REQUIRED WORK -
Given the records underneath, please repeat exactly the lines from the line with "Blown Film Extrusion: An Introduction" through the line with "bokomslag La Cramique", passing over any picture.

SUPPLIED DATA -
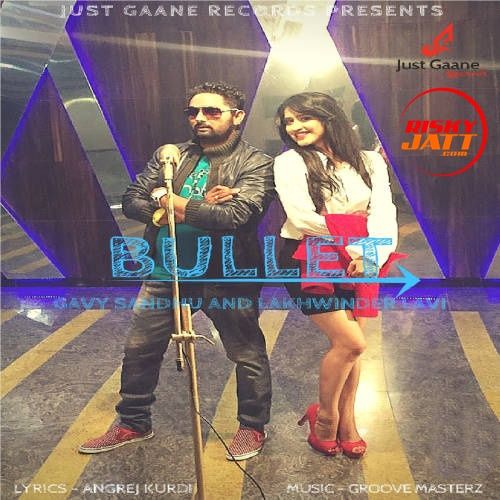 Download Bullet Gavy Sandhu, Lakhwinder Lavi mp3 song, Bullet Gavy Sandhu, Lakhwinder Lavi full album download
...
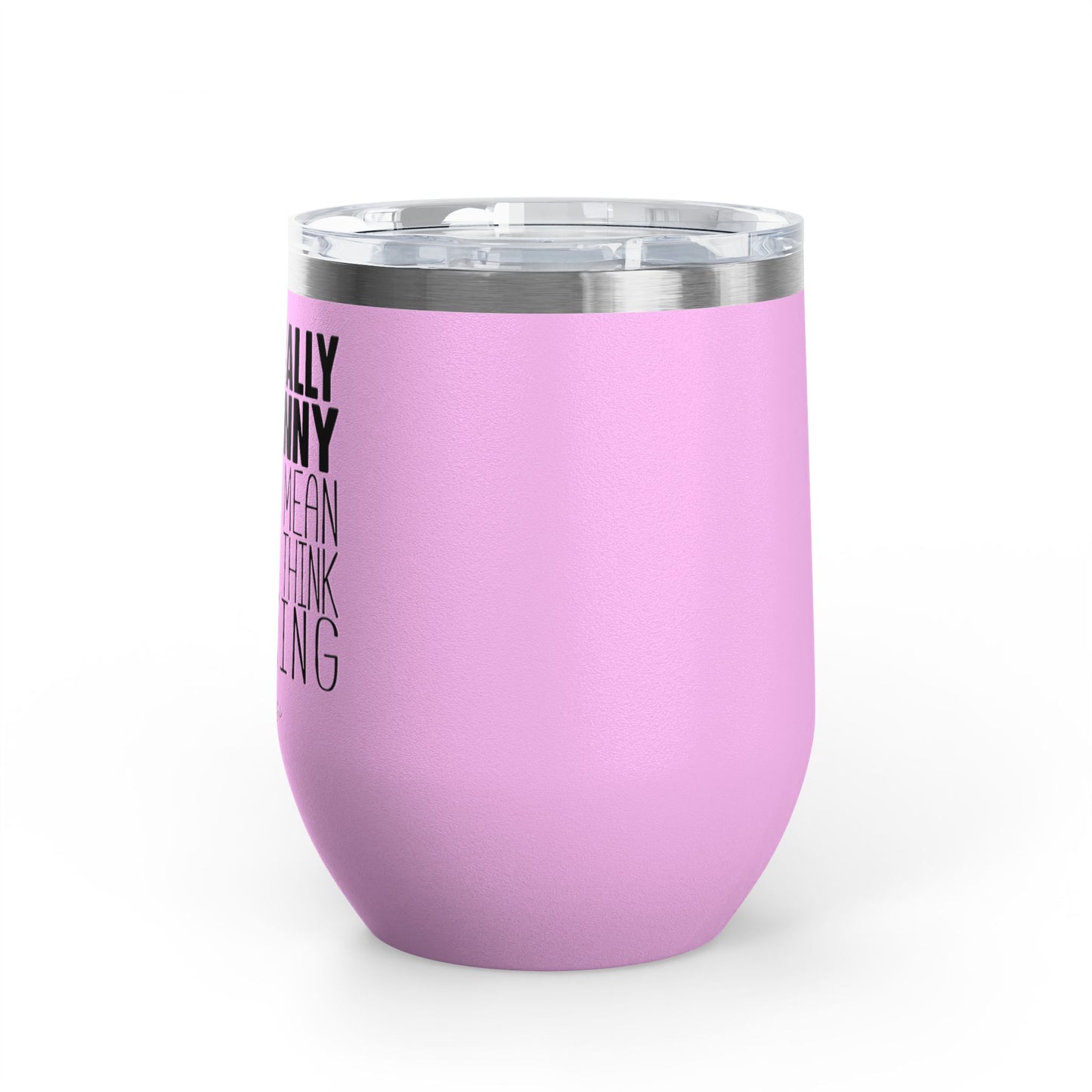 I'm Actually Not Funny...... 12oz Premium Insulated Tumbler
---
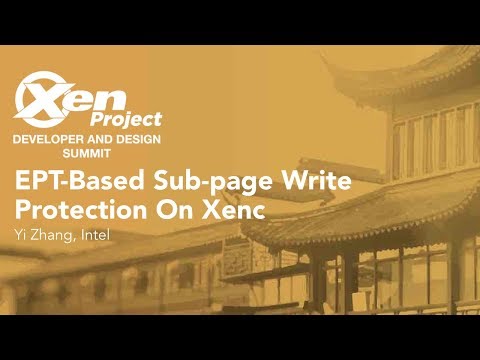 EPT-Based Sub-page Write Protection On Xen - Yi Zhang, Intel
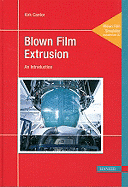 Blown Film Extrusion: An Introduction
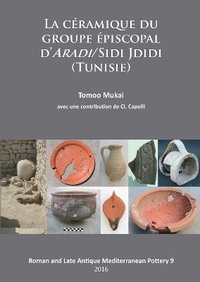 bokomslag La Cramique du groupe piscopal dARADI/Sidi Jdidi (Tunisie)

RESPONSE AREA -
 Blown Film Extrusion: An Introduction
 bokomslag La Cramique du groupe piscopal dARADI/Sidi Jdidi (Tunisie)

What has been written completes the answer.